Bitte nicht falsch verstehen, genau das macht den Zauber eben jener Schwabinger Bar aus, die es gefühlt schon seit immer gibt. Und genau das macht die X-Bar wahrscheinlich auch zu einem der besten Orte, um Leute zu treffen, die man noch nicht kennt, schon lange nicht mehr kennt oder auch einfach nicht kennenlernen möchte – erste Dates, alte Schulfreunde oder Arbeitskollegen. Die Bar ist der neutralste Ort, um einen netten Abend zu haben. Nicht mehr, aber eben auch nicht weniger – das ist die Garantie und mal ehrlich: Das ist eine ziemlich gute Garantie.

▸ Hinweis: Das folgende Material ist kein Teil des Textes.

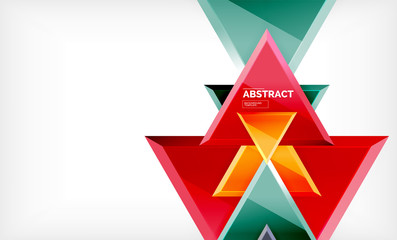 Triangles repetiton geometric abstract background, multicolored glossy triangular shapes, hi-tech poster cover design or web presentation template with copy space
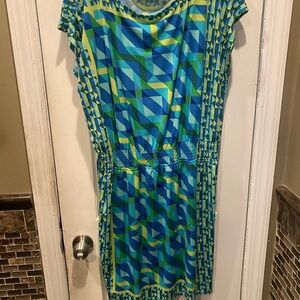 Roz & Ali Women Green Blue Retro Print Dress Size 14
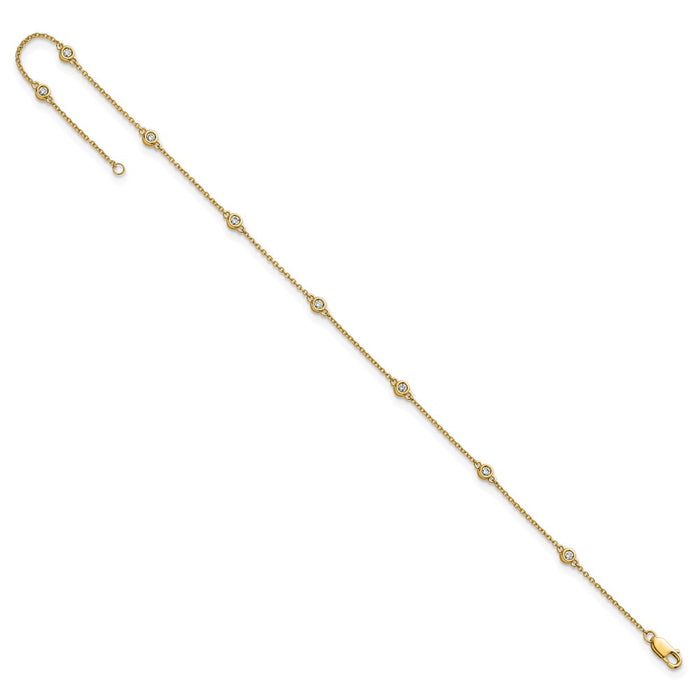 Exclusive 14K Gold Diamond Station Cable Anklet - Stylish & Affordable Design-5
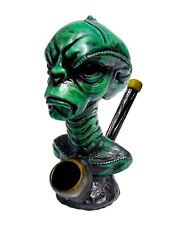 Reptilian Alien Head Handmade Tobacco Smoking Hand Pipe Green Space UFO Sci Fi picture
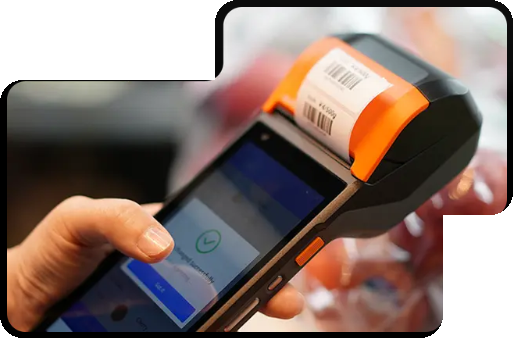 Crypto POS machine being used for an in-person payment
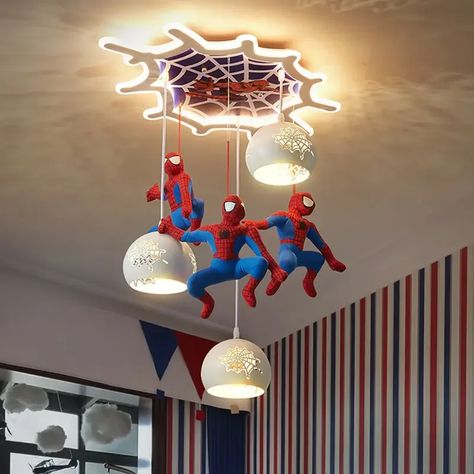 Marvel Spiderman new smart cool personalized creative cartoon super bright decorative chandelier for Nordic Kids Bedroom, Spiderman Bedroom, Spiderman Room, Kids Toy Kitchen, Modern Lampshade, Art Deco Pendant Light, Unique Pendant Lights, Kids Room Lighting, Deco Lighting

Es ist doch schade, dass konstante Mittelmäßigkeit heute oft so negativ ausgelegt wird. Denn Mittelmaß ist immer noch Durchschnitt und der ist doch eigentlich super – im Zeugnis, beim BMI, im Münchner Mietpreiswahnsinn. Und das gilt bitte ebenso für Bars, auf die man sich immer verlassen kann. Die X-Bar wäre zwar wahrscheinlich kein Ort, den ich selbst vorschlagen würde, um dort ein Bier trinken zu gehen, aber ich würde jederzeit gerne mitkommen, wenn der Vorschlag in der Runde fällt.

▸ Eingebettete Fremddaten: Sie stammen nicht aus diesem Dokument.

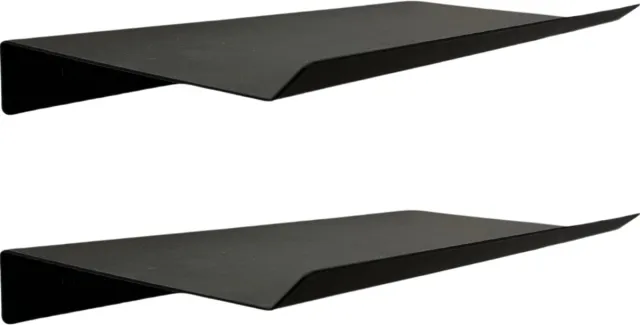 Serra Fé wandplank - zwevend - zwart - metaal - set van 2 - 30x15cm per stuk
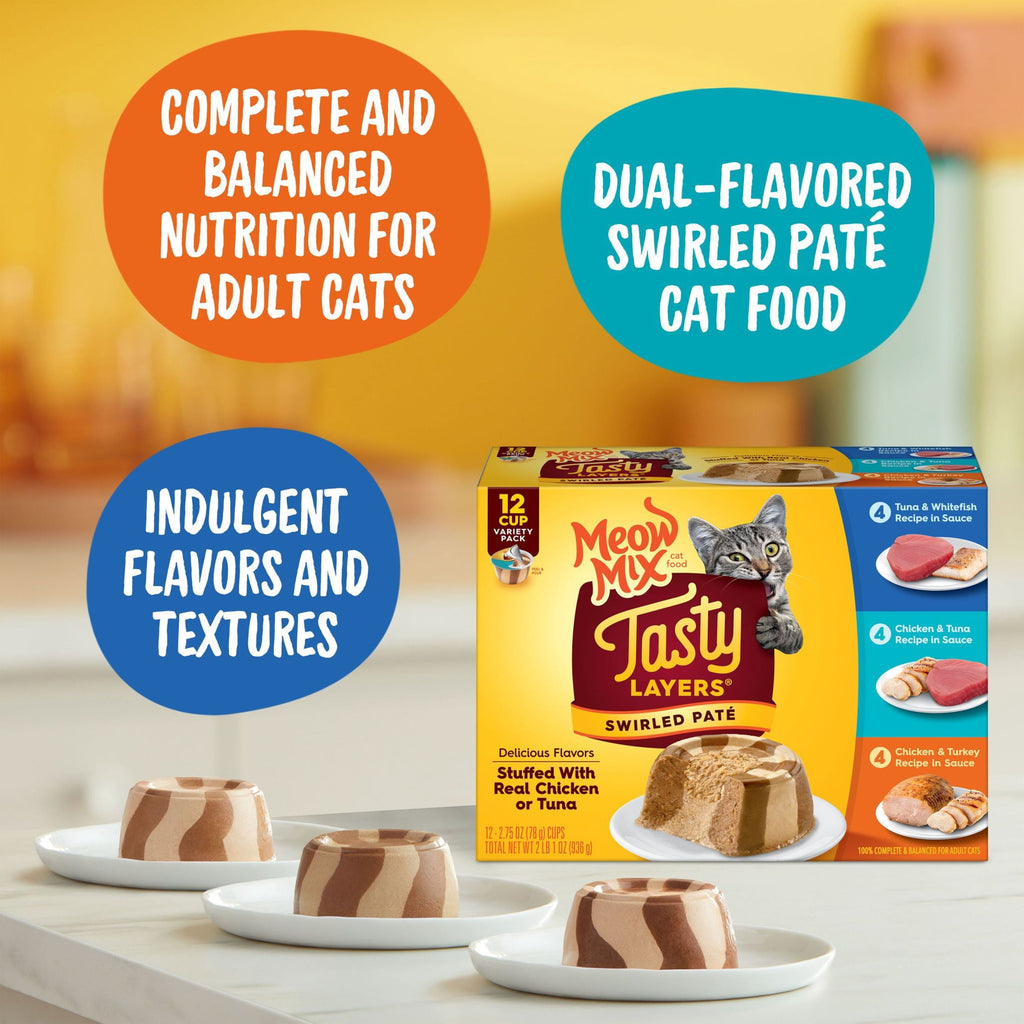 Meow Mix Tasty Layers Swirled Pate Wet Cat Food Variety Pack - 12 cups, 2.75 oz Each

Denn Mittelmaß ist immer noch Durchschnitt und der ist doch eigentlich super – im Zeugnis, beim BMI, im Münchner Mietpreiswahnsinn.

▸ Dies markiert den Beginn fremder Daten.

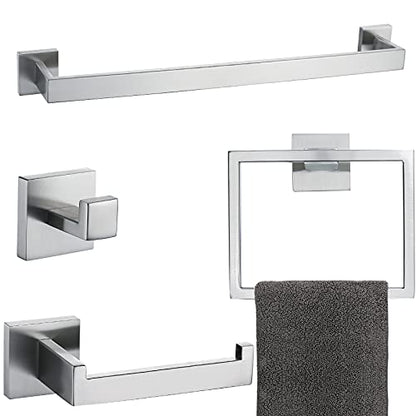 Brushed 4-Piece Bathroom Hardware Set Premium Stainless Steel Bath Towel Bar Sets Wall Mounted Square Bathroom Accessories Kit, 23.6 Inch Brushed Nickel - color: Brushed Nickel, size: 4-Pieces Set-A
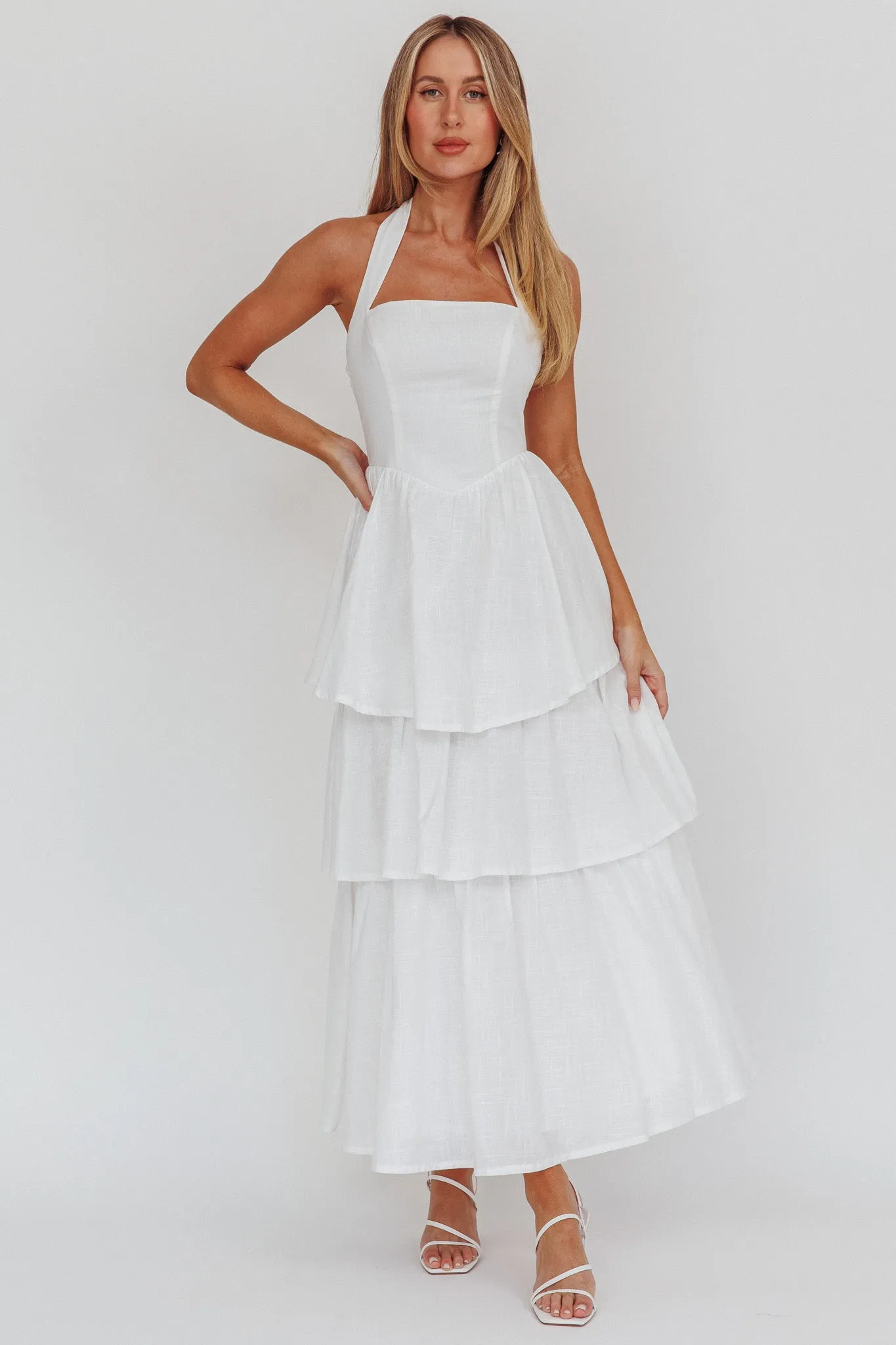 Shaya Tiered Ruffle Maxi Dress White sold by Selfie Leslie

Und das ist doch nicht nur etwas, sondern das ist schon ganz schön viel. Und so hält die Beziehung zwischen uns beiden dann wahrscheinlich auch ein Leben lang an. Wir werden uns niemals aneinander satt sehen – so oft bin ich ja gar nicht hier – und es besteht weder die Gefahr, dass mir mein höchst gehypter Lieblingsladen plötzlich auf den Keks geht, noch ärgere ich mich, wenn sich plötzlich alles ändern sollte. Wer so viel Abstand lässt zwischen einer Bar und sich, der ist weder böse, wenn die Hipster kommen, noch wenn der Laden grundrenoviert wird.

Die Barlandschaft in München ist zwar eine sehr tolle, aber manchmal eben auch eine sehr anstrengende. In den bekannten Namen im Glockenbach kann man mal froh sein, wenn man jemanden trifft, den man noch nicht kennt, im Café Kosmos schafft man es an vollen Abenden dagegen nicht einmal bis zum Tresen und in anderen Locations zahlt man so viel für die Drinks, dass man sich gleich noch einen bestellen muss. All diese Probleme hat die X-Bar nicht: Mittelmäßig günstig, mittelmäßig voll und die Chance, dass man jemand trifft, ist auch eher gering. Also perfekt für erste Dates. Durchschnittliche, versteht sich, aber immerhin.